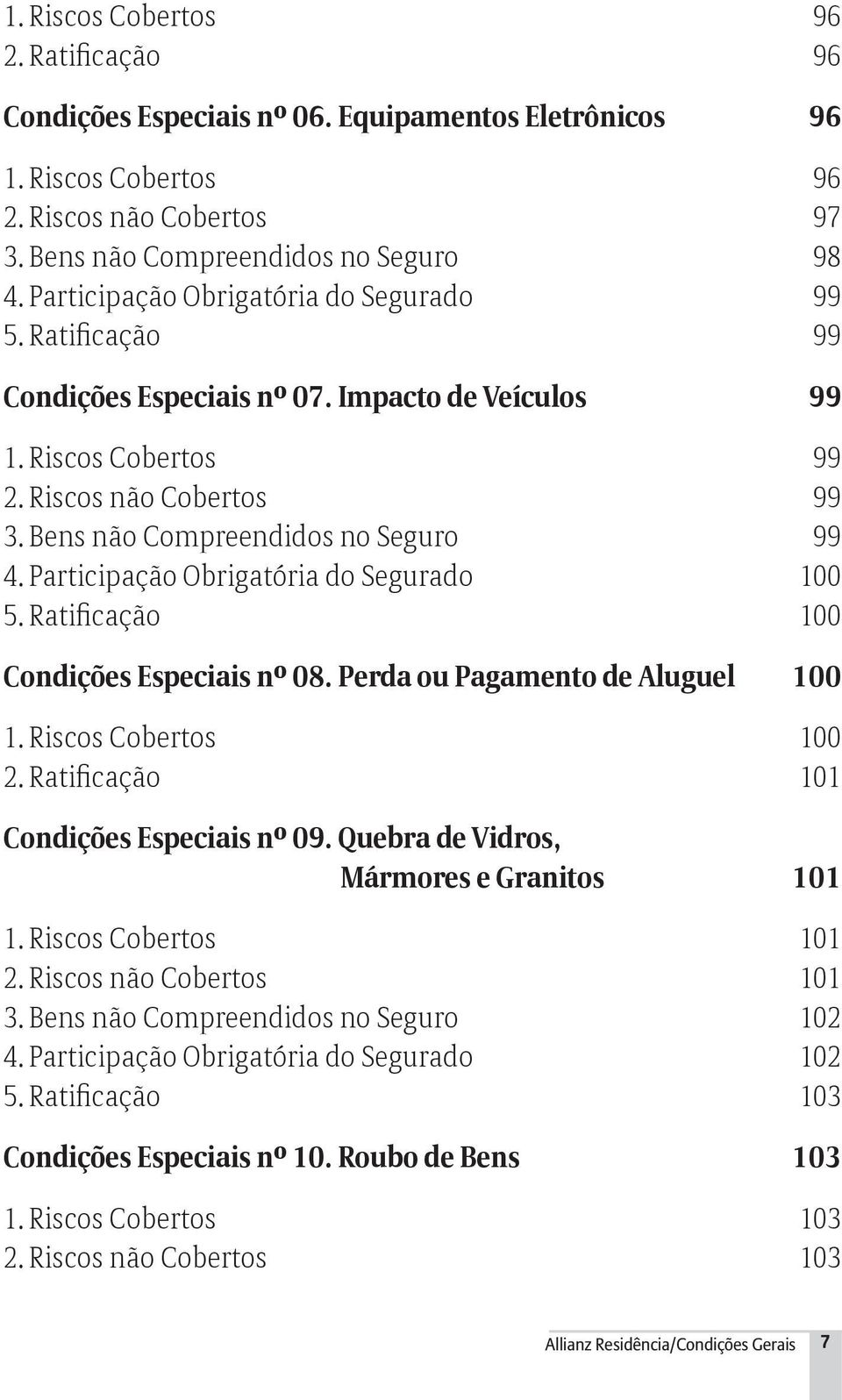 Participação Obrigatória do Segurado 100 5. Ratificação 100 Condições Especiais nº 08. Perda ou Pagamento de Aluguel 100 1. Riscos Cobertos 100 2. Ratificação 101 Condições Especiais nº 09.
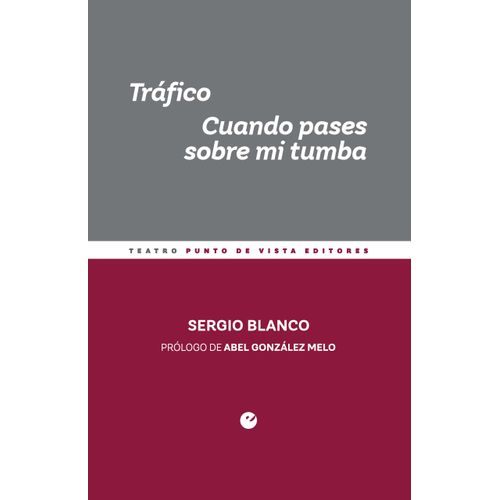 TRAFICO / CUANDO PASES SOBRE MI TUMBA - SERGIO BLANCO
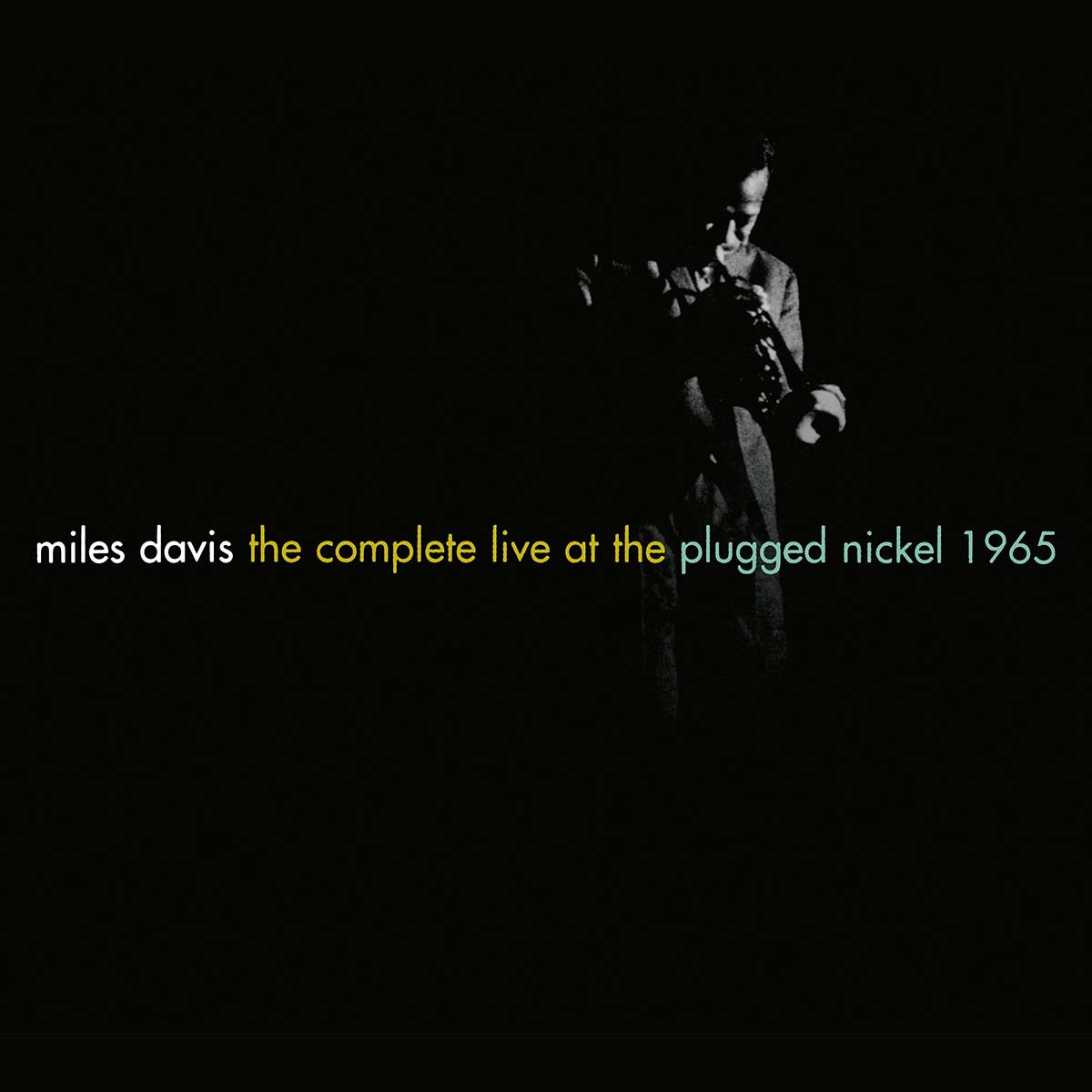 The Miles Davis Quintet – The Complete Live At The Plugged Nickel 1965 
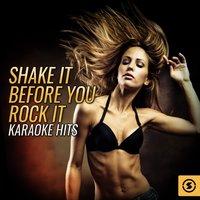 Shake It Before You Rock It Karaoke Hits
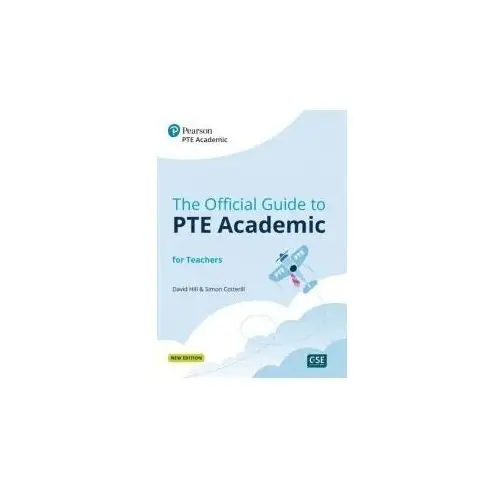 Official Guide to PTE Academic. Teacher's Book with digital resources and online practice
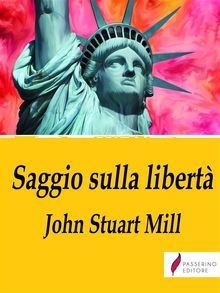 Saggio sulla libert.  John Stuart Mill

◆ ◆ ◆ ◆ ◆ ◆ ◆

> [What the exercise asks]: Everything from the line with "TRAFICO / CUANDO" through the last line above should be reproduced exactly, both ends included; pictures must be omitted.

> [Answer space]:
 TRAFICO / CUANDO PASES SOBRE MI TUMBA - SERGIO BLANCO
 The Miles Davis Quintet – The Complete Live At The Plugged Nickel 1965 
 Shake It Before You Rock It Karaoke Hits
 Official Guide to PTE Academic. Teacher's Book with digital resources and online practice
 Saggio sulla libert.  John Stuart Mill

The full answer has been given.